I was shocked to learn that in actuality, the majority of people who find themselves in this situation struggle to cut relatively superfluous luxury items from their shopping list and instead cut from other areas.  Apparently it is more difficult for people to let go of the items that they really enjoy, so they are willing to sacrifice elsewhere to keep the things that make them happy, the things they have become accustomed to.  I was also surprised to find out that when the reverse happens, that is to say that people start making more money and have more to spend, they too struggle to adapt.  Even though they have are able to buy healthier, better quality foods, people who have recently come into more wealth will often go on eating the same cheaper foods for an extended period of time, even if they are unhealthy.

After thinking about it for a while, I understood why making these kinds of economic transitions might be challenging for some people, even if it is difficult for me to relate to.  I grew up in a one-parent household and what little money we had was spent on healthy food because my mom believed that it was worthwhile.  I adopted my mother's way of thinking very early on and it has stayed with me throughout my various financial circumstances.

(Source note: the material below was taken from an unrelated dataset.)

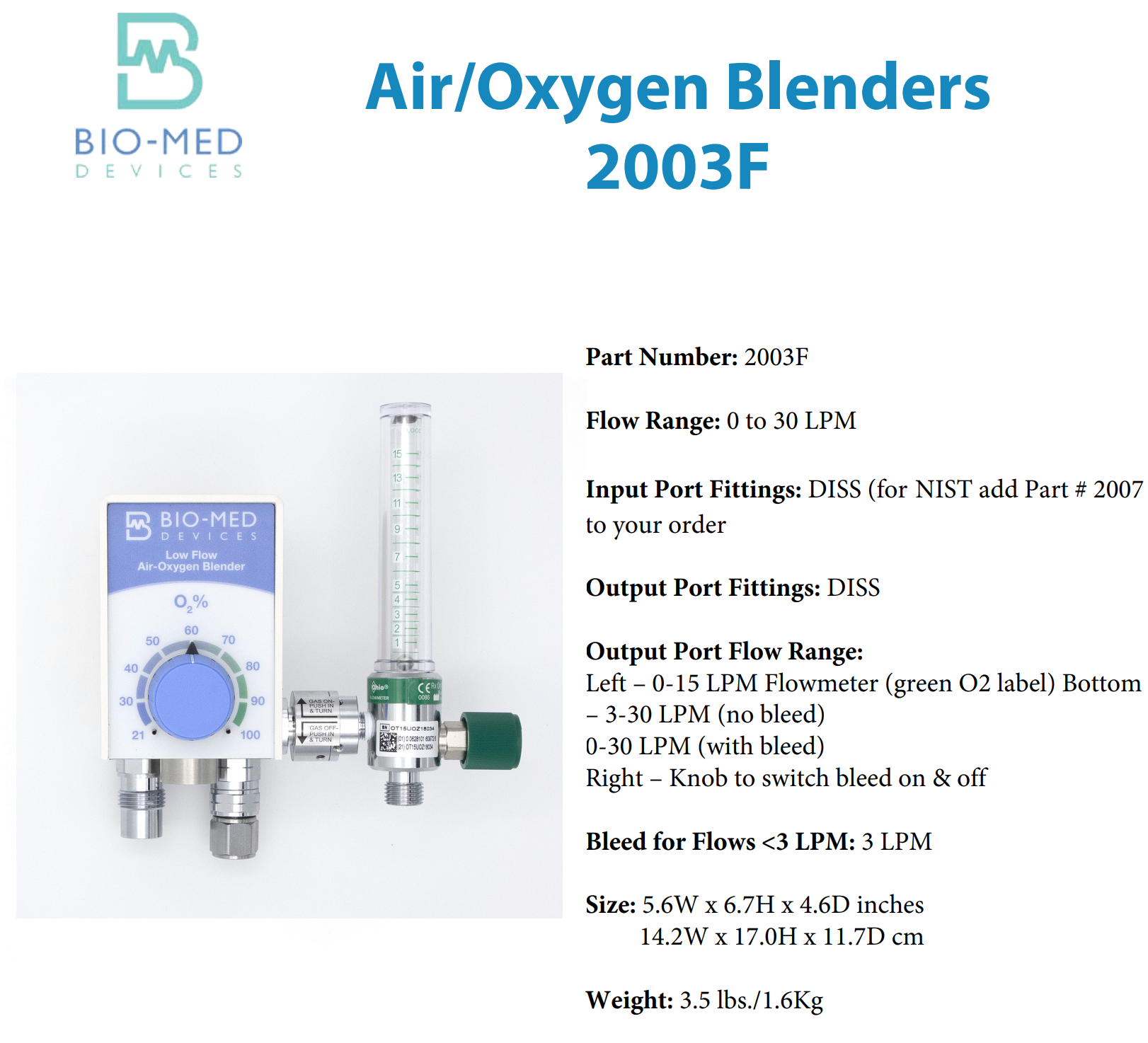Bio-Med Devices 2003F Oxygen Blender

I tried to look for research surrounding the claims that we heard in class to better understand the background and measures and came across an article relating to spending changes later in life.  In 2013, Aguiar and Hurst reported that in later years, spending on essentials such as food, transport and personal care decrease while spending on nonessentials like entertainment, charitable giving, utilities and domestic services remain the same.  This, despite the fact that these people are retired or heading into retirement and will have less income.  The authors postulated that these findings could be explained by a number of things including the fact that later in life people spend less money driving or taking transport every day to and from work, less money on work clothes, etc.  The authors also discuss time as a factor; older people typically work less or not at all and have more time for other enjoyable pass-times.  There's also the possibility that as they reach the end of their lives, they want to live life to the fullest and be happy.

The topic of how retirees spend their money is quite different from looking at the behaviors of people in financial transition for other reasons, but I believe there is a common underlying thread.  At the end of the day, people like spending the money that they have on things that make them feel good even if it is economically irrational.  For someone who has just lost a high paying job that might mean squeezing their finances elsewhere so that they can still have that steak dinner that they have come to enjoy on Saturday nights because it is worth it to them.  For someone who has just received a promotion maybe it's still eating that cheeseburger from the fast food shop on the corner twice a week because that is what they are used to, it is familiar, comforting and they like the taste.  Finally, for someone who is newly retired, maybe it's going to the museum to enjoy art or making a donation to a charity for sick children to feel like they are contributing to society.  Perhaps it also comes down to individuals having a hard time believing or accepting that their circumstances have changed, so they do things to convince themselves (or even the outside world) otherwise or to distract themselves.

Understanding illogical spending habits is still difficult for me at this stage, but I feel like I am getting better at it.


Aguiar M & Hurst E 2013, 'Deconstructing Life Cycle Expenditure',
 Journal of Political Economy, vol. 121, no. 3, pp. 437-492.  Available from: <>. [1 May 2014].

Chemin M 2008, 'The Benefits and Costs of Microfinance: Evidence from Bangladesh', The Journal of Development Studies, vol. 44, no. 4, pp. 463-484.  Available from: <>. [1 May 2014].

Karim L 2011, Microfinance and Its Discontents: Women in Debt in Bangladesh, University of Minnesota Press, Minneapolis.